Aim of the task:
Write out exactly the lines from the one with "35 Heartwood Court Unit: 1215" through the last line of the data below, but not the pictures.

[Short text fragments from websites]
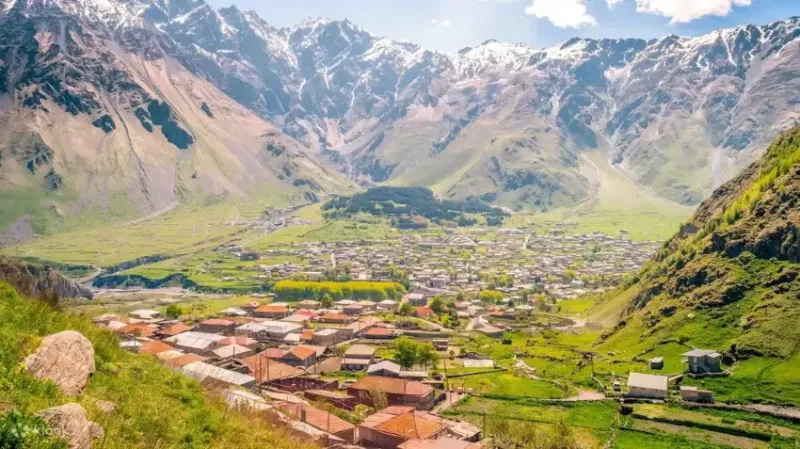شهرهای دیدنی گرجستان استپانسمیندا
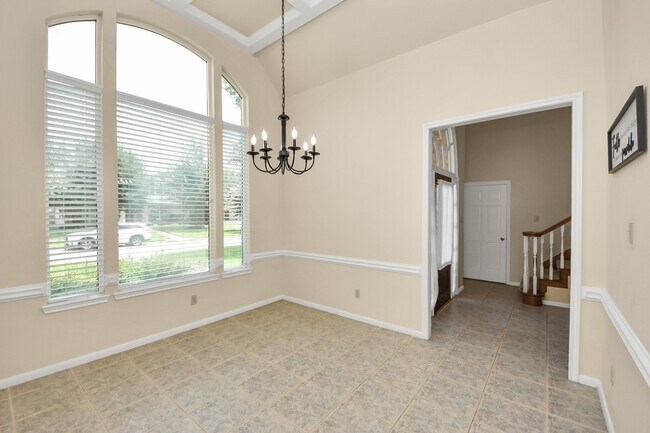 Building Photo - 10503 Great Plains Ln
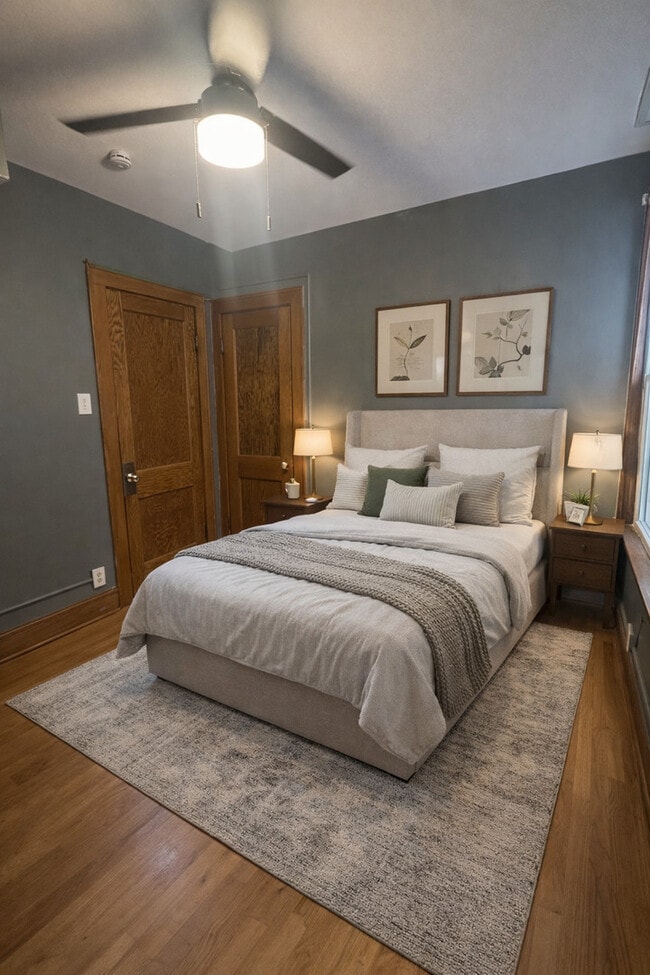 Building Photo - 2231 S 61st Ct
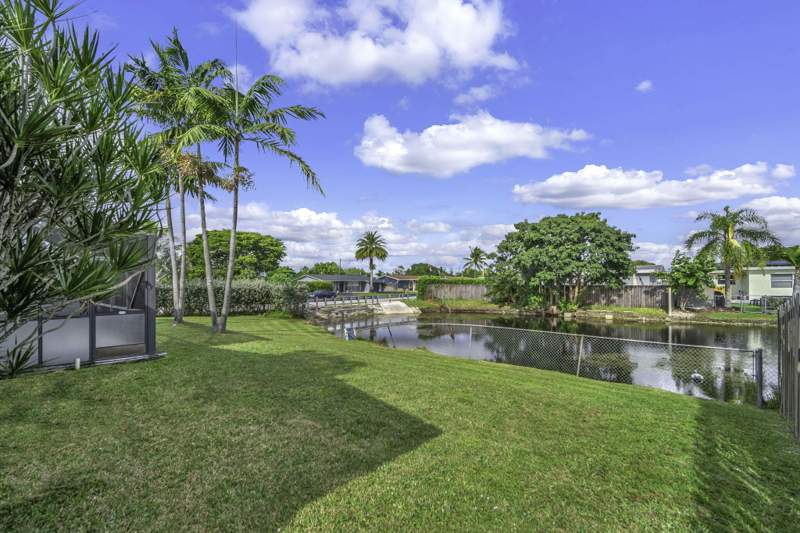 4 bedroom Single Family Residence at 9371 NW 24th Court, Sunrise Golf Village Sec 21, Sunrise — photo 4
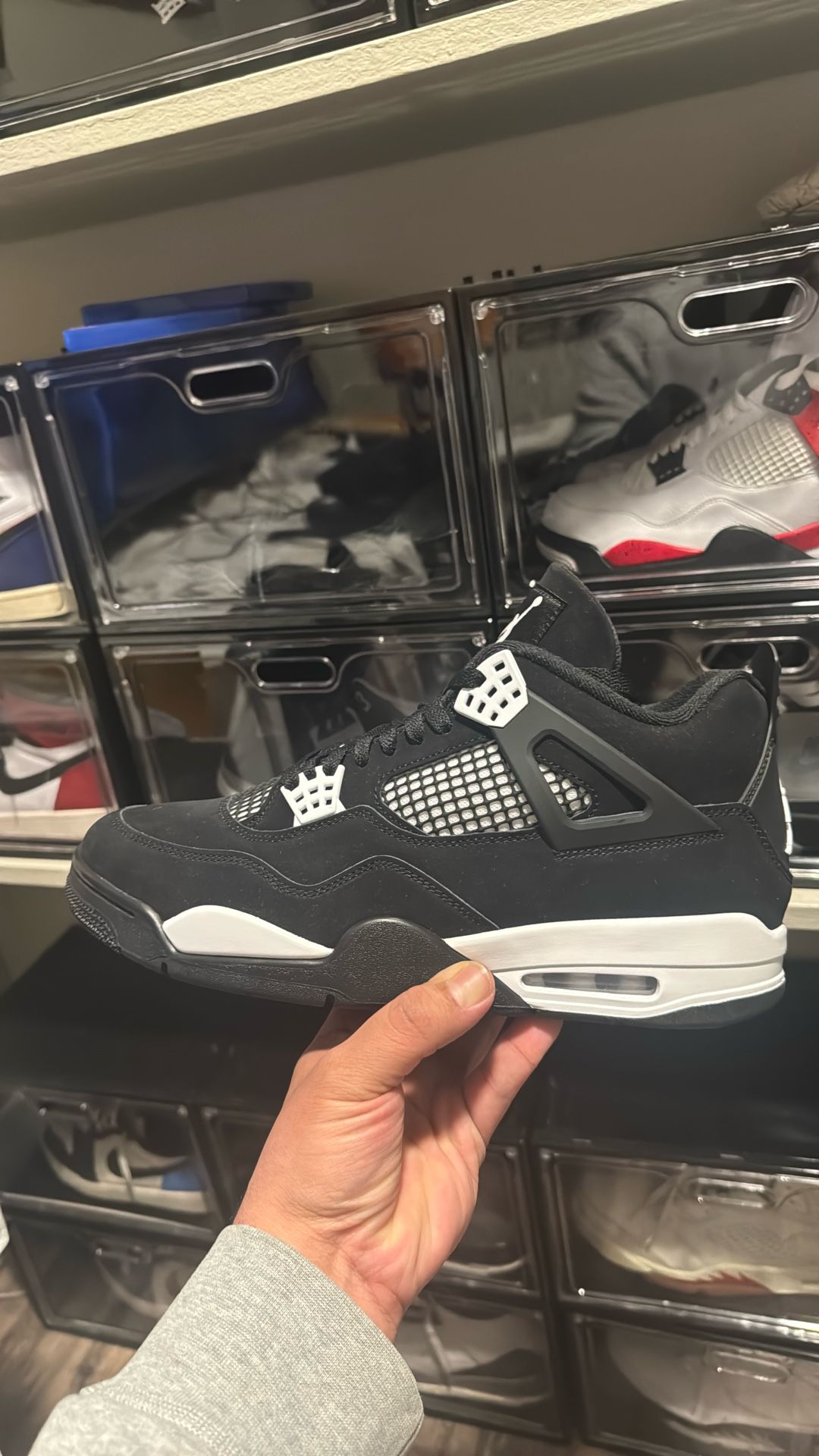 Jordan White Thunder 4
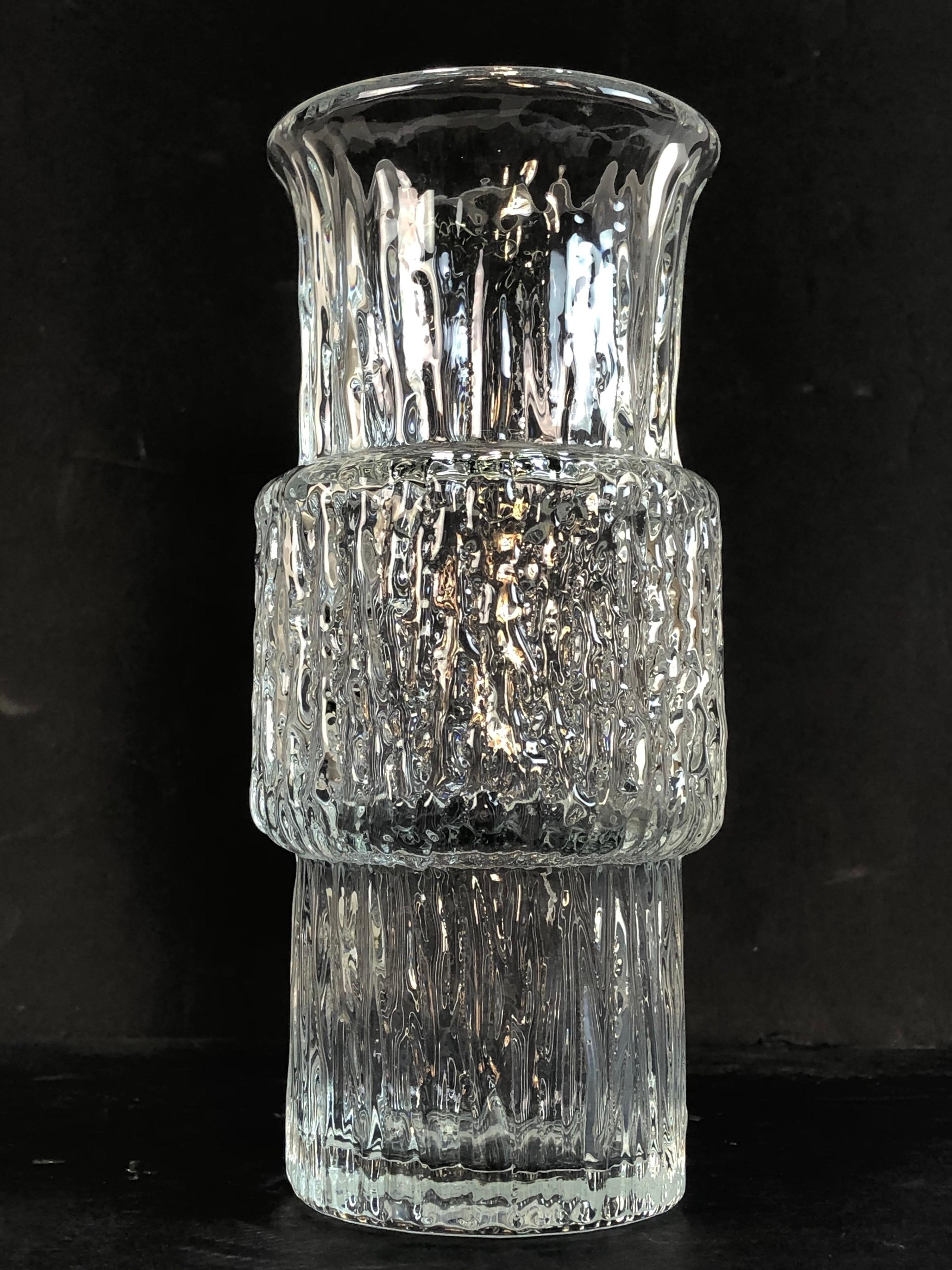 1960er Jahre Mid-Century Modern Iittala Finnland strukturiertes Glas Vase. Tolles Design/One und Form! Darunter ist markiert.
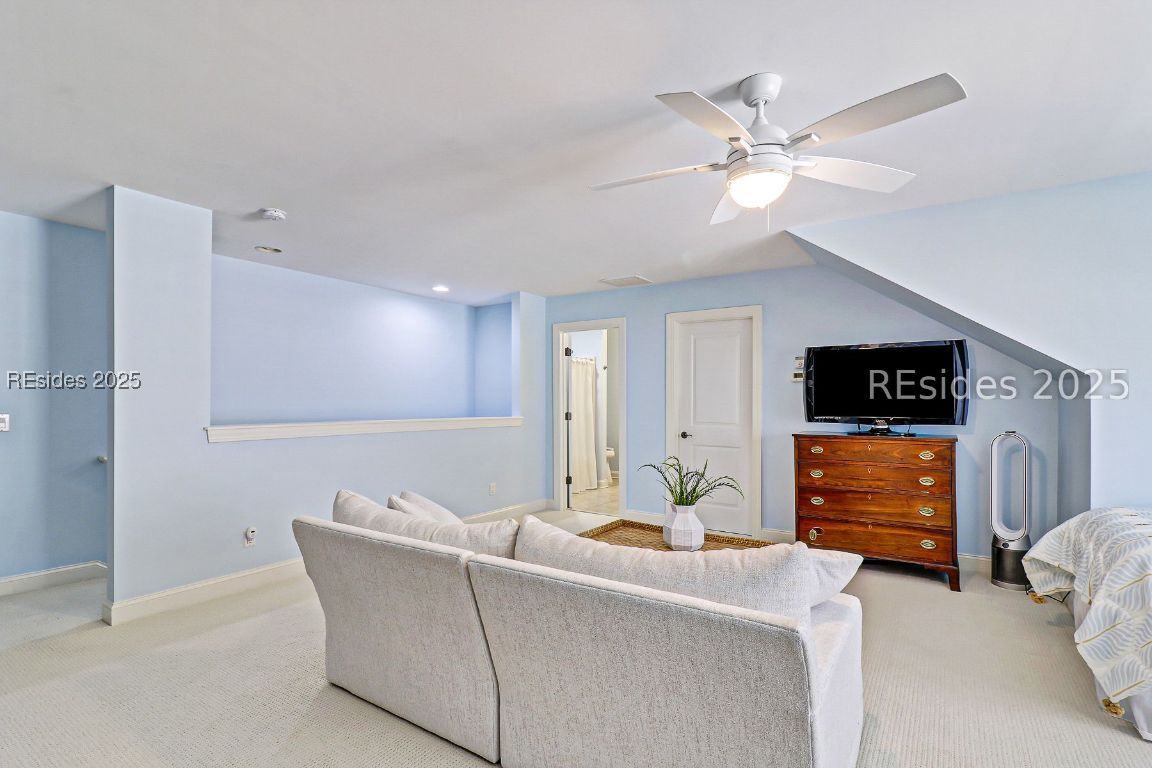 35 Heartwood Court Unit: 1215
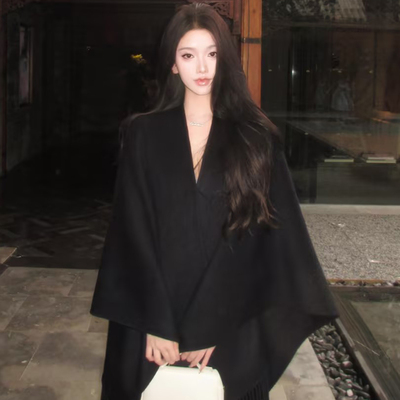 黑色披肩斗篷女秋冬季高级感加厚保暖外搭流苏围巾披风两用围脖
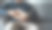男人坐在家里的沙发上看笔记本。素材图片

Written solution:
 35 Heartwood Court Unit: 1215
 黑色披肩斗篷女秋冬季高级感加厚保暖外搭流苏围巾披风两用围脖
男人坐在家里的沙发上看笔记本。素材图片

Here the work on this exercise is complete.